I'm going through a hard pass with Haskell. I still love the language, of course, but some things in the ecosystem bother me as they impact seriously both the fun of writing Haskell and my productivity.
Sometimes it's the lack of good development environment that gets me. I have failed with EclipseFP to build a community and gather enough support, but it doesn't seem that other efforts go that much further. I contribute to Leksah and haskell-ide-engine, and there a plugins now for Atom or other modern editors, but when I do a spot of Android development I see what a good IDE is and how much I miss in Haskell.
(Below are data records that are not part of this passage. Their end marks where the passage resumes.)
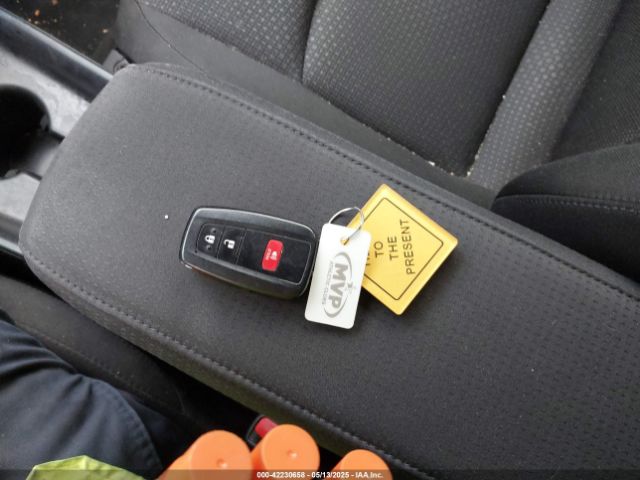 JTDKARFU3K3080738 Toyota Prius Le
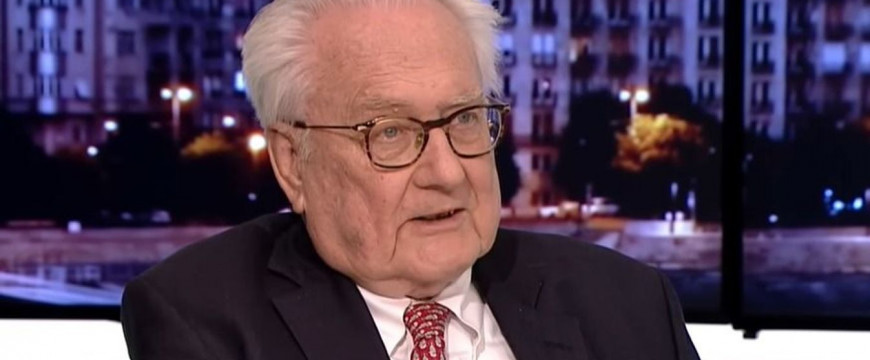 Pilhál György: Egy szórakoztató professzor Pilhál György: Egy szórakoztató professzor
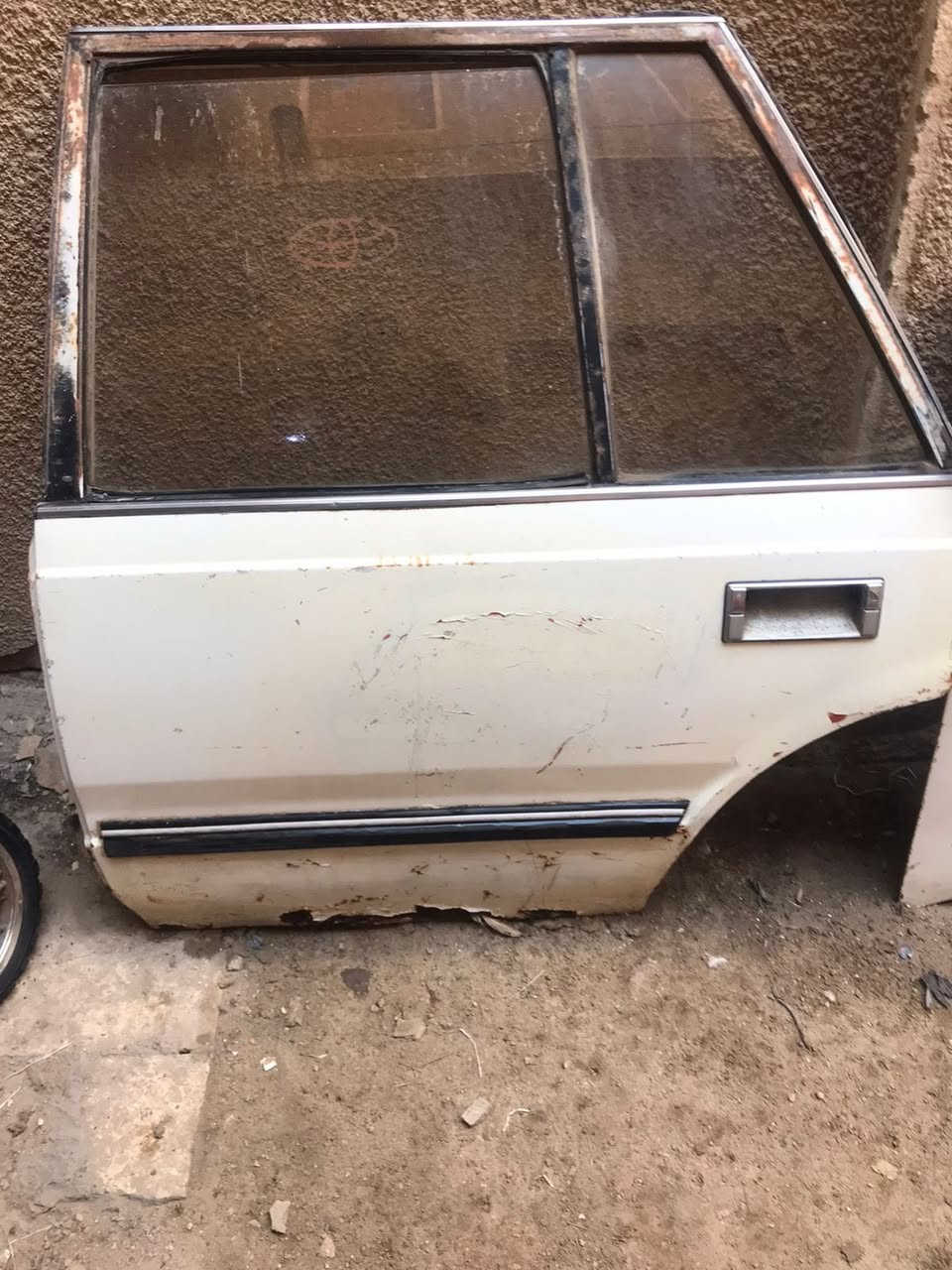 غراض سيارة سوبر موديل ٨٥ للاستفسار ***********
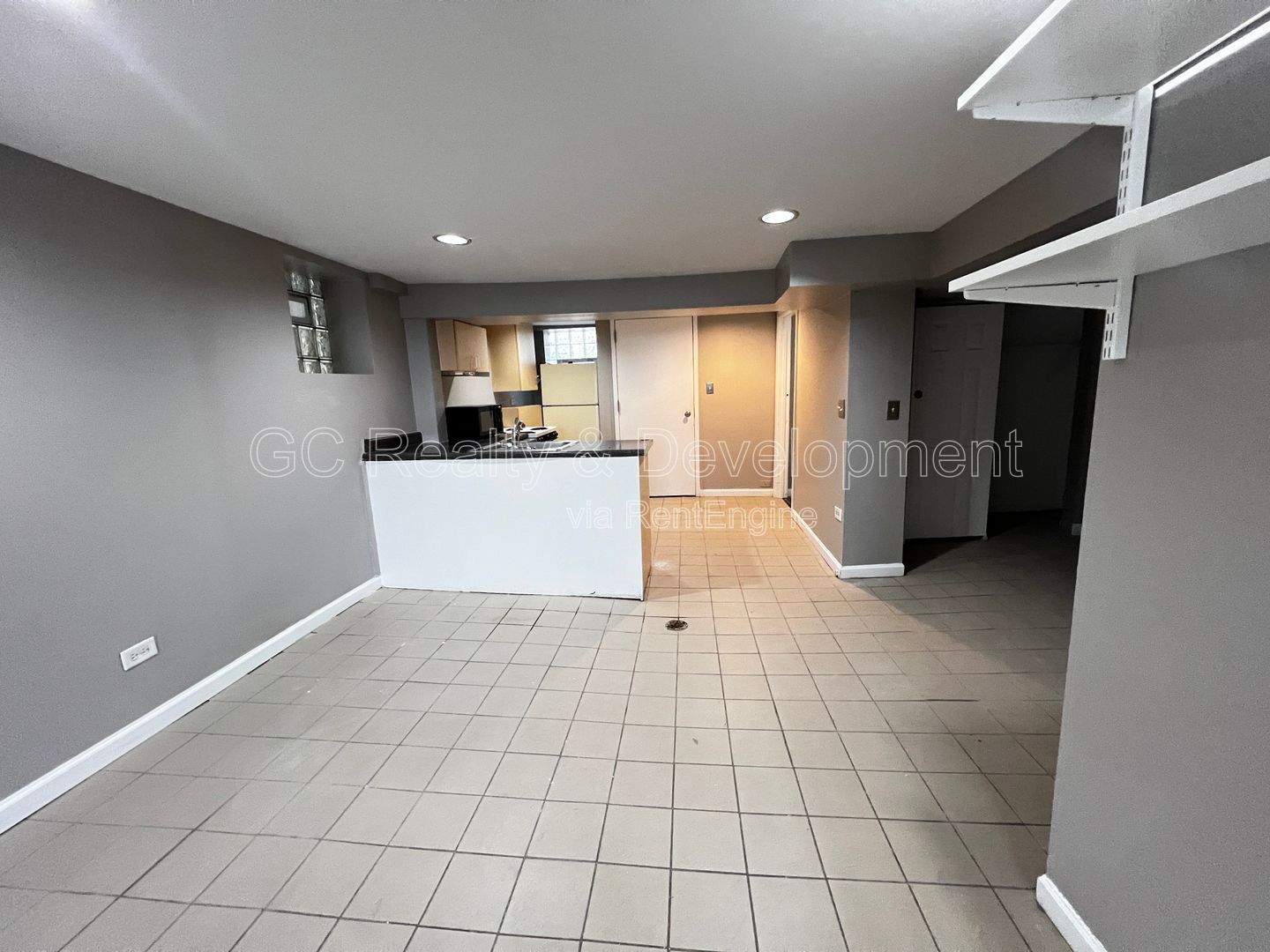 *** COMING SOON 4/15/26! / LINCOLN PARK - GARDEN STUDIO APT / APPL INCLUDED / LAUNDRY ON SITE *** property image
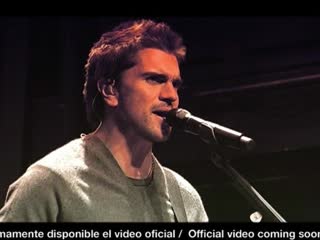 Me enamora (behind 'la vida ' preview)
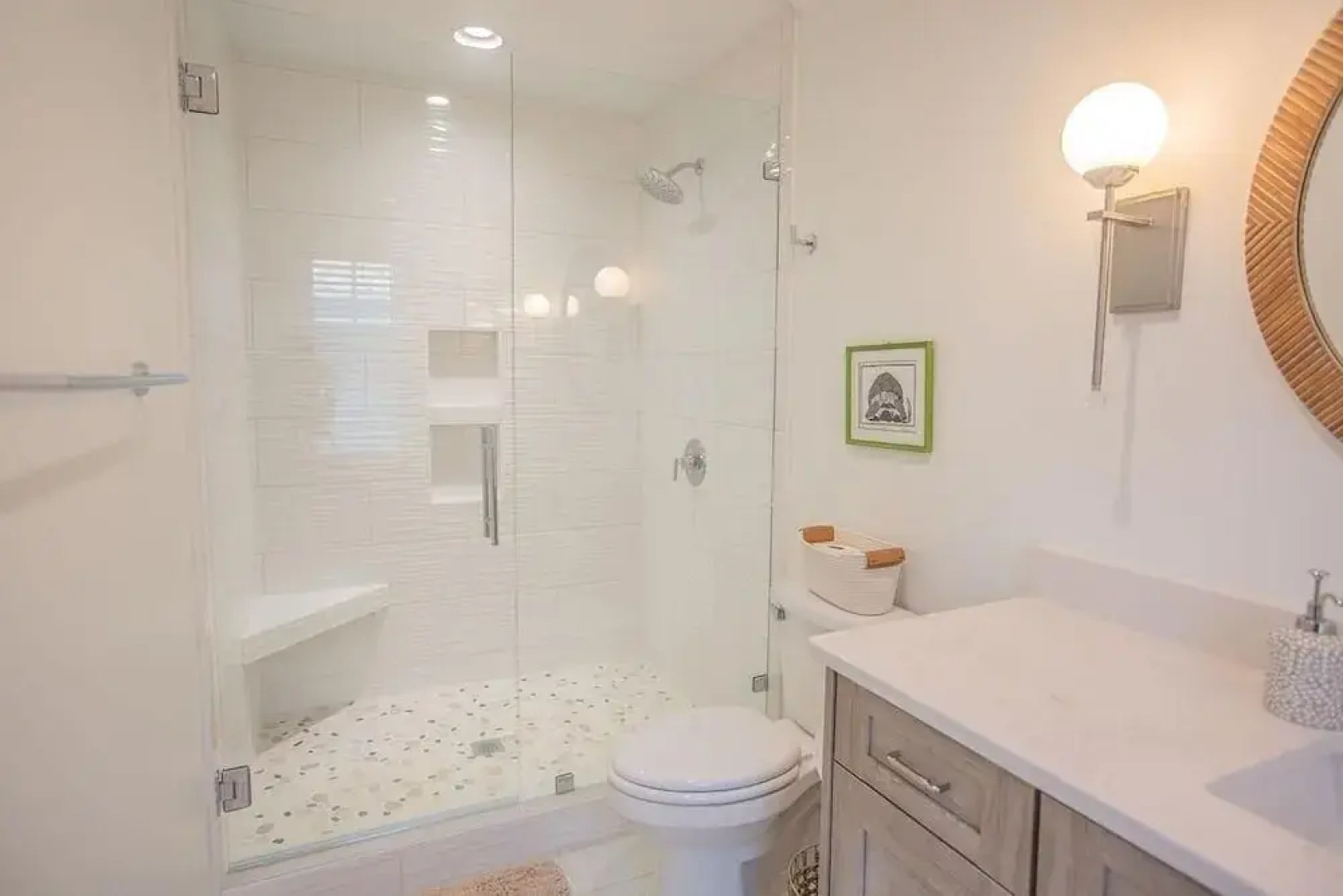 Three Girls 5 Bedroom Home by RedAwning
But today it's more the open source libraries issues that irks me. It's great that we have loads of libraries, and they're open source and usually good quality. But of course the maintainers are all volunteers, and sometimes have better things to do. But there are a few libraries that I use in my code that now actually stop me from progressing. I have provided enhancements or bug fixes that I need for my projects as pull requests, and they languish in the maintainers' inboxes for months. So what am I to do? Hound the maintainers? Fork the library to apply my patches? Rewrite my code so it doesn't use that library but another, better maintained? Not use libraries but write everything myself? And of course if I offer to take over maintainership I'll end up being overloaded and will perpetuate the problem. I suppose the best approach will be to offer to be one of MANY maintainers for the library, so that I can merge my changes and release on Hackage if the others maintainers are otherwise busy/uninterested. I'm not sure how that can work in the general case, though, if loads of people are maintainers for loads of libraries, I believe that having one person with the vision and the drive for a project is best, but for little libraries it may not matter much.